The winds got stronger and stronger last night until, at about quarter to three, I had to go and sleep on the sofa in the living room downstairs, as I had convinced myself that the chimney was going to come crashing down on my head while I slept in my bed. In the great storm of October 1987, the chimney of the house opposite us in London was blown straight through their roof into the house; miraculously hurting no-one, so worrying about this was not completely stupid, if a bit night-brained.Perhaps because of my lack of a good sleep and or because I must admit that, for some time now, I haven’t been in the greatest of moods, I woke up to a beautiful, if still blustery, day feeling massively negative. So to try to fight my lethargy, I took myself out for a bracing walk. I meant to go up to Lydeard Hill but the road was closed, so I carried on down to Cothelstone Manor, where I’ve never actually walked before, although I’ve stopped and taken pictures. I didn’t have my big camera with me today, so these are just phone photos but I think you’ll get the jist of what a lovely place it is.
As if to make up for yesterday’s ghastliness, the sun shone and everything looked brilliant and clean and, um, bracing. The wind was still howling. But I walked for a while, although footpaths were a bit hard to follow, electric fencing in their way here and there, which always makes me cross. I could still get round though, and made my way up the elegant drive and round to the tiny church.
Cothelstone must have been quite a thriving community when it was originally built in the 12th century to have warranted such a church – although it is tiny.
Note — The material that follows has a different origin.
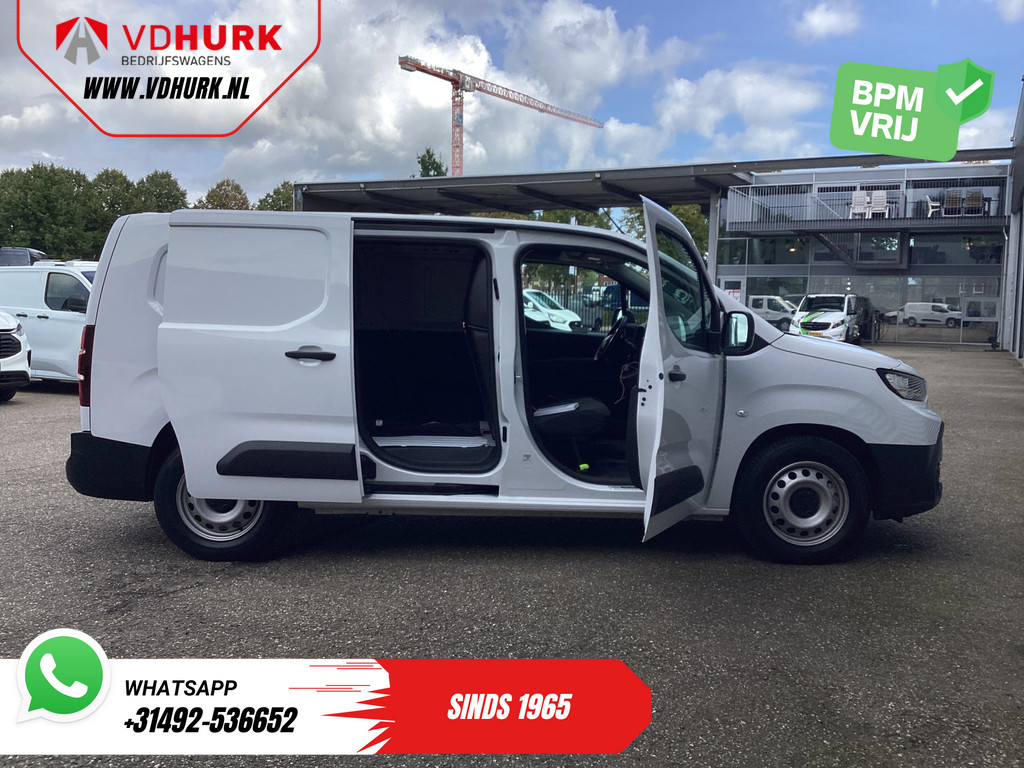 Toyota e-Proace City Bestelbus 50 kWh 320 km WLTP L2 3Pers./ LED/ Standkachel/ Stoelverw./ Stuurverw./ Carplay/ Camera/ PDC/ Cruise/ Airco 5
It’s certainly more than a family chapel. There are a quite a large number of buildings here, some in total disrepair, some well maintained. The estate was hugely renovated in the nineteenth century, having been through many changes of fortune. Having a place like this must be such a burden – it’s certainly not for everyone. There are a number of parts that are obviously inhabited: cottages, the main house, and a secondary, quite large, house and lots and lots of outbuildings. All built out of the local red sandstone, softened by age to a wonderful, delicate pink.
Unfortunately, the church was locked but it was clearly not in any way abandoned; the porch being full of the usual watering cans, flower rotas and lists of charities. There was a also a small war memorial to those who fell in World War I. One family had lost six members and there were two names from at least four other families. This is always terrible but really does not bear thinking about the effect in a place as minute as this.
As I walked over the meadow back from a small boating lake to the road, the churchyard looked like the archetypal place that you think of when calling to mind a quiet country resting place and it was sad to think that those men had not made it back to lie here.